There are many reasons explaining why only a minority of GPs take on SMD patients. Such patients are deemed to require more care and time, more frequent visits, and be more difficult to treat [46, 49]. Often, they have concurrent diagnoses (e.g., substance abuse) and interrelated physical or social problems [5052]. As for GPs, their poor collaboration with psychiatry services, their busy schedules and the competing demands of other patients are other impending factors [7, 14, 53]. The historical separation between psychiatry and primary care [11], and GPs' limited training or experience with effective team practice [21] may also explain their reluctance to take on these patients – especially if they consider hospital psychiatric teams to be more appropriate. But none of this would suggest GPs' removal from the treatment equation of those patients. SMD patients are in great need of adequate physical care and mental health follow-up as they face higher risks of interrelated morbidity. Moreover, as psychiatric teams are usually concentrated more in urban settings, GPs are often the sole available source of care. This is the case in Quebec where almost half of the psychiatrists practice in the Montreal metropolitan area, and where in more remote regions, specialized care is scarce [54].

Conclusion

While our model yields various strong and interesting associations, the study has certain limitations. First, it has a cross-sectional design, which does not permit causal inference as in experimental or longitudinal studies. Second, as the data collected are from GP self-reporting, the results must be viewed as an approximation of actual GP practice. Third, our questionnaire was complex, which may have discouraged some GPs from participating. As a result, the response rate was limited, but was not substantially lower than that reported in other surveys involving GPs [36, 46, 55]. Finally, no data was collected on GPs' adequacy in treating mental-disorder patients, which is considered a major issue giving rise to conflicting results in the literature [12]

In the context of current reforms designed to enhance healthcare efficiency and support SMD patients' integration in the community, our findings sustain the development of integrated care models favouring service co-ordination, exchange of expertise between bio-psycho-social professionals and healthcare lines of services, and reinforcement of GPs' mental-health training. Our data show that GPs currently follow up only a minority of SMD patients on a continuous basis, and far fewer for both their physical and mental health problems. However, GPs may play a pivotal role in taking on patients with stable SMDs, if they have psychiatrists' and mental health team support. Lack of expertise in mental healthcare was also found to be a strong impediment. Without psychiatrists' and mental health team support or sufficient expertise in mental health, GPs are likely to transfer SMD patients to specialized care.

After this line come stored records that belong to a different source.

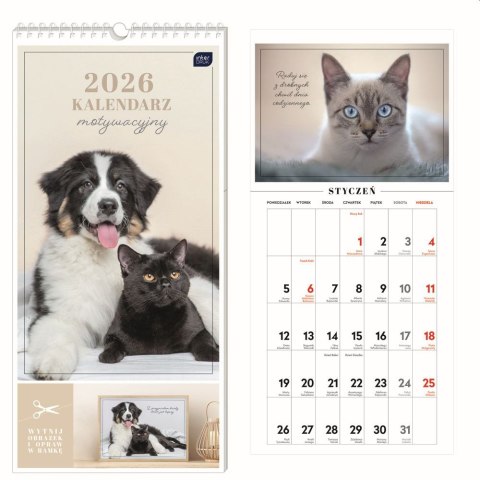 Kalendarz ścienny motywujący 220mm x 460mm Interdruk (ZWIERZAKI) Kalendarz ścienny motywujący 220mm x 460mm Interdruk (ZWIERZAKI)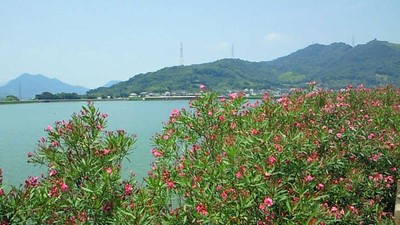 ♪避暑地♪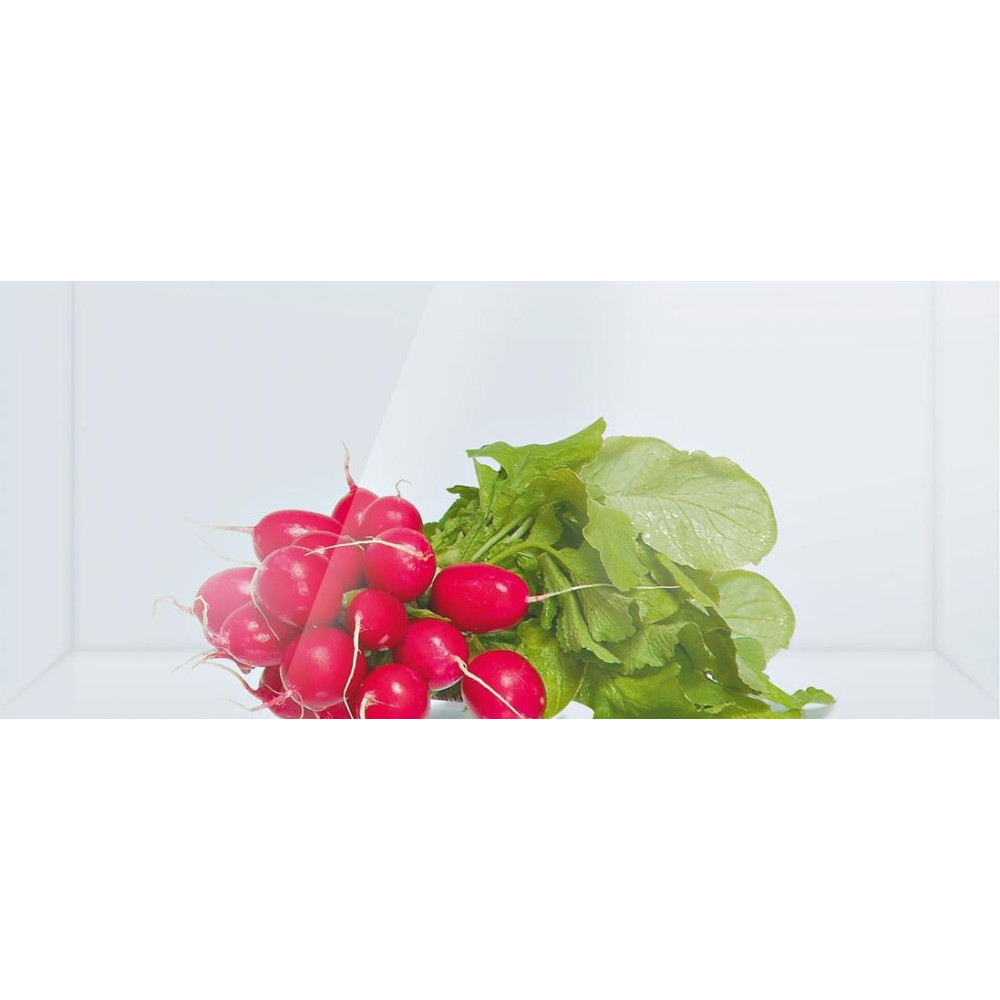 Двухкамерный холодильник Bosch KGE 39AK21 R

In the Canadian context of high GP shortages, increasing the development of mental-health integrated care models could nevertheless be a major challenge. Patients with stable SMDs ought to have the same care access as the general population, however, and services that are the least stigmatizing. Group practice models such as family medicine groups with nurses working closely with GPs to assist in patient screening and follow-up could serve as the basis for more refined integrated care models in Quebec's mental healthcare system. Improvements in access to direct communications with psychiatrists or shared-care initiatives, for diagnostic and therapeutic consultations, and to mental health teams, for patient case management of various intensities, should also be considered. For managing chronic and complex illnesses such as SMDs, various studies [18, 56] have indicated the major positive impact of comprehensive and continued multimodal strategies (e.g. clinical guidelines, electronic medical records, financing incentives, medical education sessions), which should be further encouraged.